Em total contraste com a reacção de Andy Burnham à chegada de milhares de pequenos barcos, José Manuel Albarez disse que Madrid tomaria uma posição dura, insistindo em “devolver todos aqueles que entraram” ilegalmente.
Ele sublinhou que invadir a fronteira em território da UE “não dá a ninguém o direito de ficar” durante uma visita ao enclave, que faz fronteira com Marrocos no Norte de África, mas é solo espanhol e da UE.
Ele assumiu a postura de não bater durante uma visita a Ceuta, que foi sitiada por 70 mil migrantes no mês passado, depois de nadarem desde Marrocos para tirar partido da falta de segurança.
Cerca de 70 pessoas morreram, por afogamento ou esmagadas pela cerca da fronteira.
A aglomeração na fronteira levou os líderes europeus a pedirem a suspensão temporária da Espanha da zona livre de viagens Schengen do bloco, provocando uma resposta furiosa de Madrid.
Mas hoje, num discurso directo aos migrantes que consideram outra travessia, o Sr. Albares disse-lhes para não “arriscarem as suas vidas, o seu dinheiro ou o seu futuro num esforço que pode falhar”.
José Manuel Albarez disse que Madrid traçaria uma linha dura ao exigir o “regresso de todos aqueles que entraram ilegalmente”.

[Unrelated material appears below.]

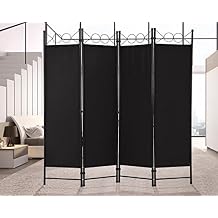 4 Panel Room Dividers Folding Privacy Screens, 68 Inch Tall Steel Frame & Fabric Surface Room Seperating Wall Divider, Portable Freestanding Room Partitions for Living Room Bedroom, Black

No mês passado, 70 mil migrantes partiram de Marrocos, aproveitando a falta de segurança, para atacar o enclave espanhol de Ceuta.
Cerca de 60 mil pessoas que cruzaram a fronteira para Ceuta, vizinho de Marrocos no Norte de África, mas que faz parte de Espanha e de solo da UE, terão sido rejeitadas.

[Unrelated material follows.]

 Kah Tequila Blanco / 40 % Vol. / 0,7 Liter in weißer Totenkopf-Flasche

Nenhum migrante que atravessasse ilegalmente seria capaz de chegar à Europa pelo continente ou permanecer em Ceuta, alertou, alertando que “até à última pessoa” seria rejeitada.
Disse que ‘entrar em Ceuta ou (no enclave separado) Melilla não dá a ninguém o direito de ficar’, acrescentando: ‘Ninguém saiu da cidade (Ceuta) para o continente e não pode, expliquei sobre este filtro de fronteira de duplo controlo e o trabalho diplomático que estamos a fazer com Marrocos para aqueles que entram regularmente.

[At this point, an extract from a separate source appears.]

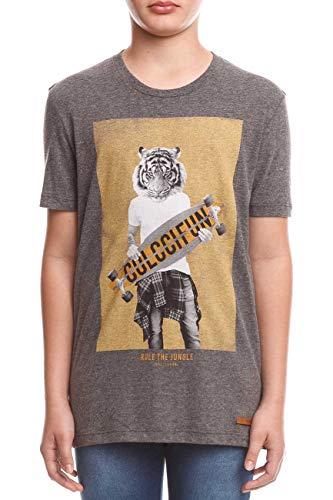 Camiseta Tiger, Colcci Fun, Meninos, Cinza/Amarelo, 16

‘Todo o resto são notícias falsas, rumores autopublicados.’
Em contraste, Burnham não abordou directamente quaisquer migrantes que tentassem atravessar o Canal da Mancha e descartou a política da Reform UK de enviar a Marinha Real para resgatar e devolver pequenos barcos às costas francesas ou belgas.
Isto ocorre depois de mais de 3.000 migrantes terem chegado nos seus primeiros 22 dias como primeiro-ministro – centenas a mais do que nas primeiras três semanas de Sir Keir Starmer no cargo.
Isto surge no meio de uma linha mais dura entre os países da UE contra as travessias ilegais para o continente.
Estão empenhados em evitar uma repetição da situação em Ceuta e evitar outra crise migratória semelhante à do bloco em 2015.
No início deste mês, o primeiro-ministro grego, Kyriakos Mitsotakis, apelou mesmo a novas medidas de emergência que permitiriam aos países da UE suspender os pedidos de asilo enquanto lidam com vagas de migrantes.
Imitaria as medidas que o último governo conservador do Reino Unido tentou implementar para enfrentar as pequenas travessias de canais por barcos, apenas para serem desmanteladas pelos trabalhistas.
O último governo conservador, sob o comando do ex-primeiro-ministro Rishi Sunak, aprovou a Lei de Imigração Ilegal de 2023, para suspender o direito de pedir asilo para qualquer pessoa que chegue em pequenos barcos.
No entanto, o Partido Trabalhista rejeitou as propostas depois de vencer as eleições de 2024, em meio a preocupações de grupos de direitos humanos de que violasse a Convenção dos Refugiados.
Embora muitos dos migrantes que atacaram Ceuta já tenham sido enviados de volta para Marrocos, o presidente conservador do enclave, Juan Jesus Vivas, disse depois de se encontrar hoje com Albarez que 10.000 pessoas ainda permaneciam lá, uma situação que descreveu como “volátil”.